All of these examples paint a stark picture of companies not practicing proper precautions when it comes to their users’ data and being much freer with who they share that data with than consumers realize.
State of Data Privacy Laws
A natural response to reading about some of the most egregious data privacy examples is to wonder about the legality of it all. But it takes time for the law to catch up to the realities of fast-moving technology, and can take even longer for businesses to catch up to the law.
The most notable of the data privacy laws, Europe’s General Data Protection Regulation (GDPR) has been around since 2016. And yet “managing GDPR compliance continues to be complex for outsourcers and service providers to adopt new contract provisions and ensure that due diligence processes align to the strengthened obligations for third-party risk management,” explains Linnea Solen, partner/advisor to Shared Assessments.
The European Union (EU) and the United Kingdom (UK) have recently added to the requirements businesses must meet—in ways that require serious changes for many businesses. “Adopting the EU’s Standard Contractual Clauses (SCCs) or the UK’s International Data Transfer Agreements (IDTA) for new and existing data processor relationships is a much larger undertaking than simply updating contracts,” says Solen. “The changes put a spotlight on both data governance and enforcement of data protection safeguards that impact the governance model and policies in a TPRM program.”

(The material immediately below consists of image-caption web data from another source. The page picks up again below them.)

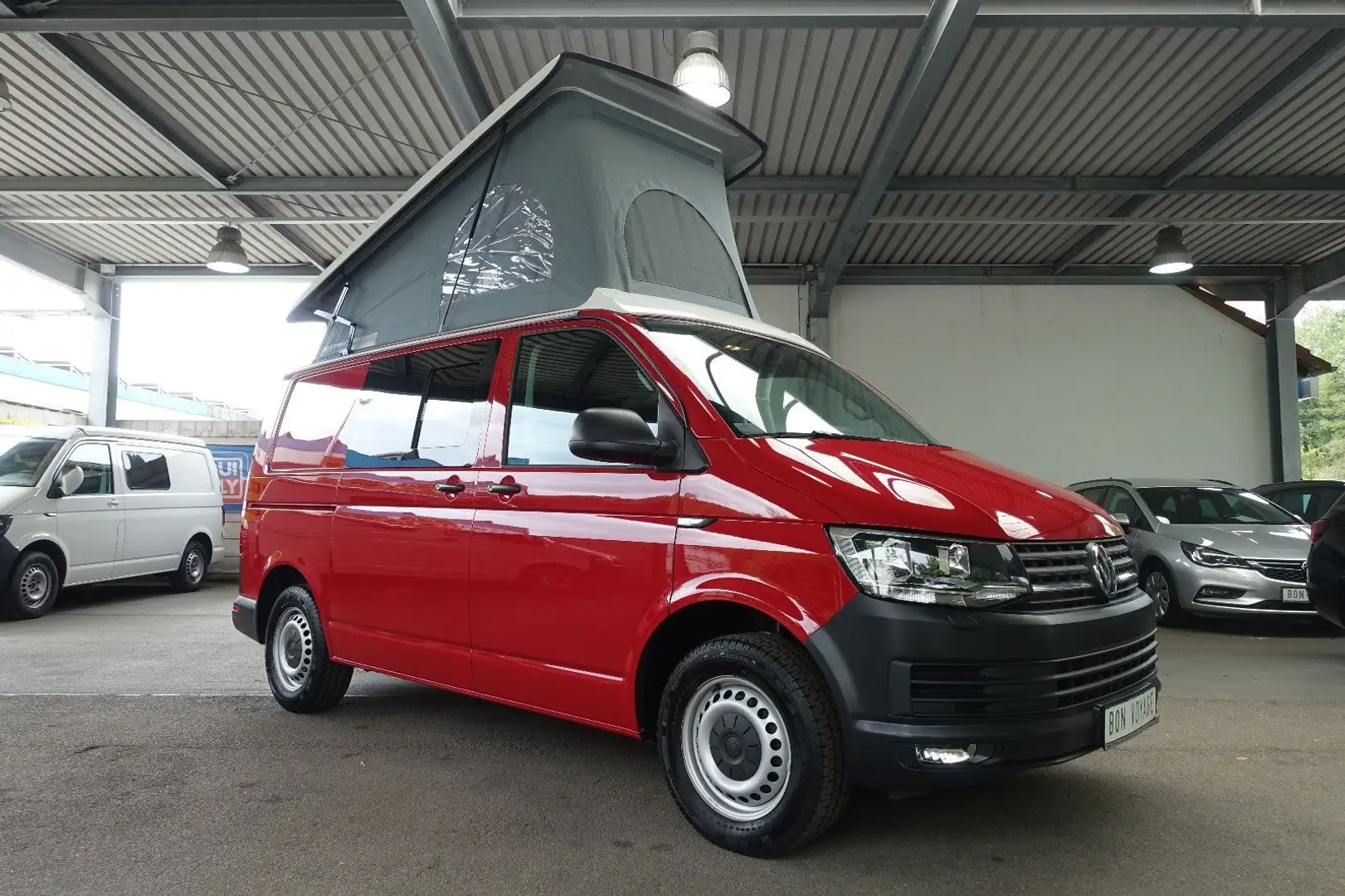 Volkswagen T6 ''OceanCamper by BonVoyage'' neuer Ausbau Rot - 2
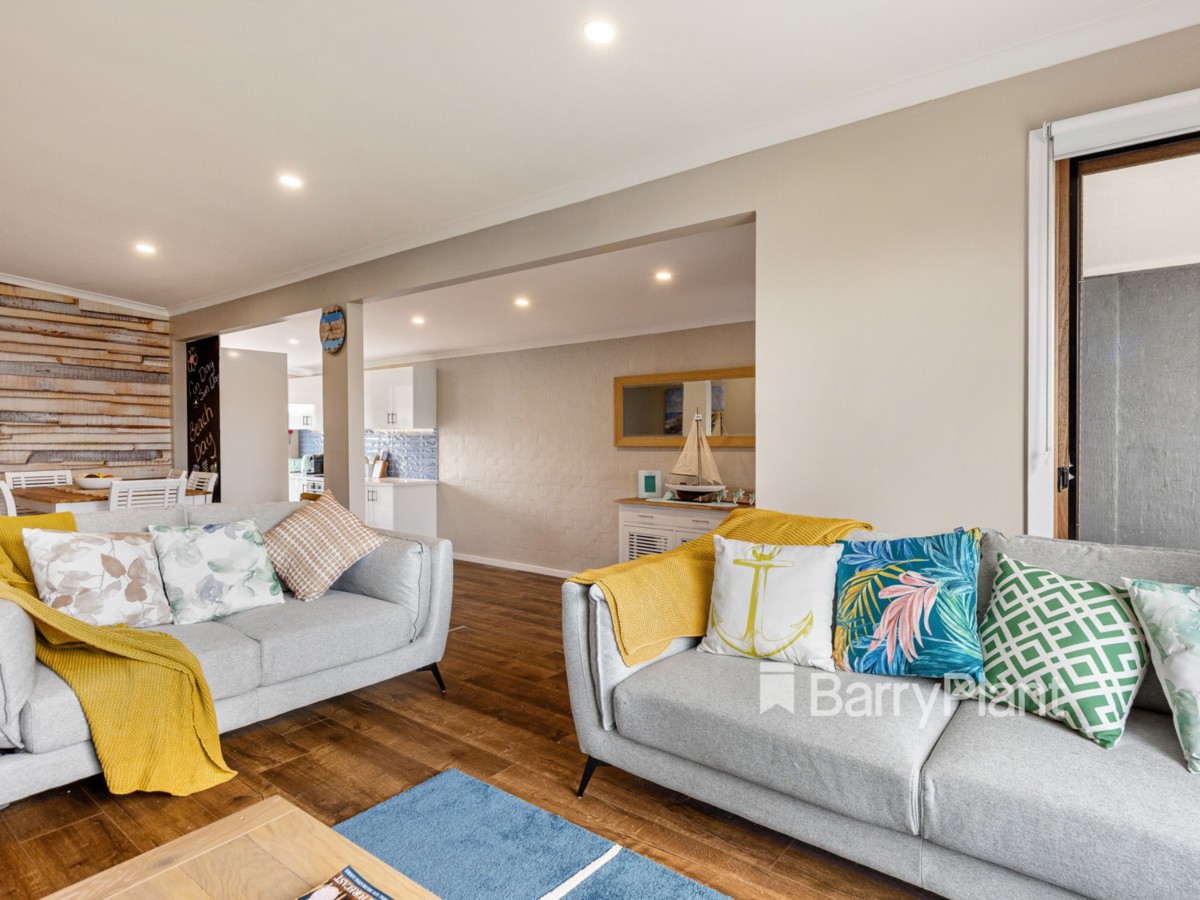 169 Ninth Avenue, Rosebud, VIC 3939, Rosebud - Thumbnail 3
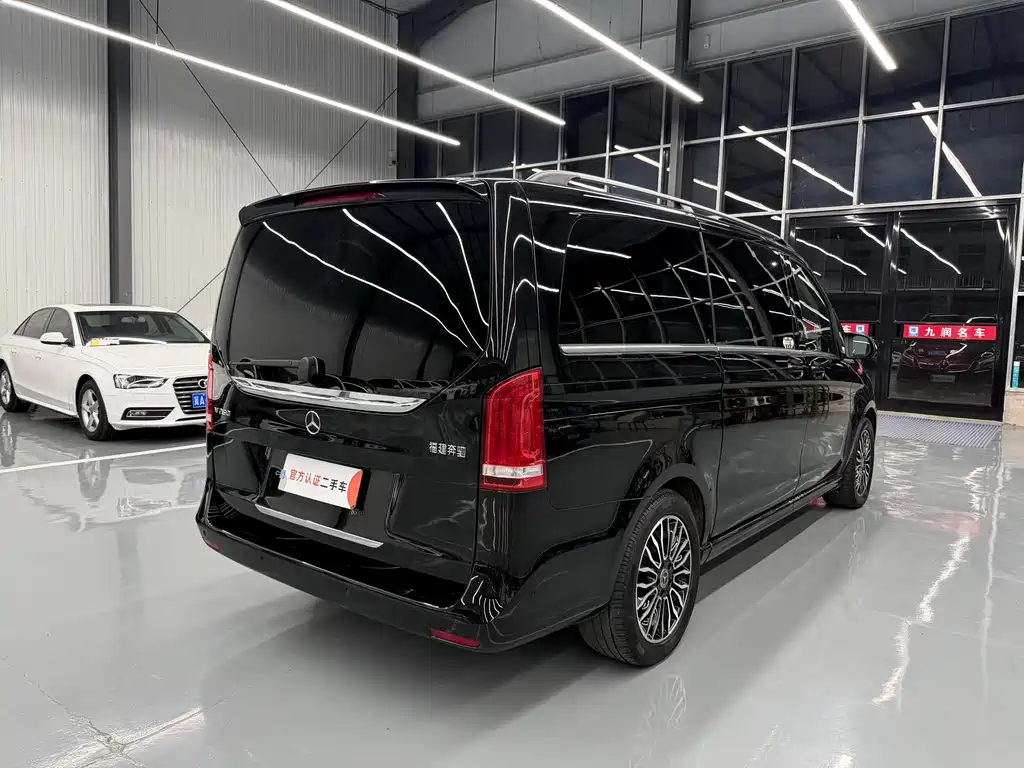 Mercedes-Benz V-Class 2020 — фото 18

But while Europe has made some progress in data privacy legislation, the United States is still far behind. The country lacks one clear federal law defining data protection. Instead, three states have passed state-level legislation and many others have introduced laws that may pass this year. California has the most comprehensive data privacy legislation with both the California Consumer Privacy Act and the Security of Connected Devices Act (SB-327) that touches on IoT specifically. Colorado and Virginia have followed suit, passing the Colorado Privacy Act (CPA) and the Virginia Consumer Data Protection Act (VCDPA).
Steps To Comply With Data Privacy Law
If staying on top of which customers in which states and countries have specific data rights and making sure you’re compliant with all of them sounds complicated, that’s because it is. The hodgepodge mix of data privacy laws organizations have to follow is confusing now, and set to get more so as additional states get in the game.
But while staying compliant can seem like a pain on the business side, for consumers these laws often feel like they’re not going far enough. There are still a lot of instances where companies and the third parties they work with can use or sell a consumer’s data without permission.
Following the law is required. But for most businesses that aren’t really enough to keep the data you have secure. Consider your processes for collecting data and sharing it with third parties you work with, and really look at the way you do things now with a critical eye. Are you crossing lines consumers wouldn’t be OK with? Are there vulnerabilities within the data collection and transfer processes you need to correct?
No organization wants to be at the center of a news story that illustrates the dangers of data privacy today, but too few are doing the work to make sure that doesn’t happen.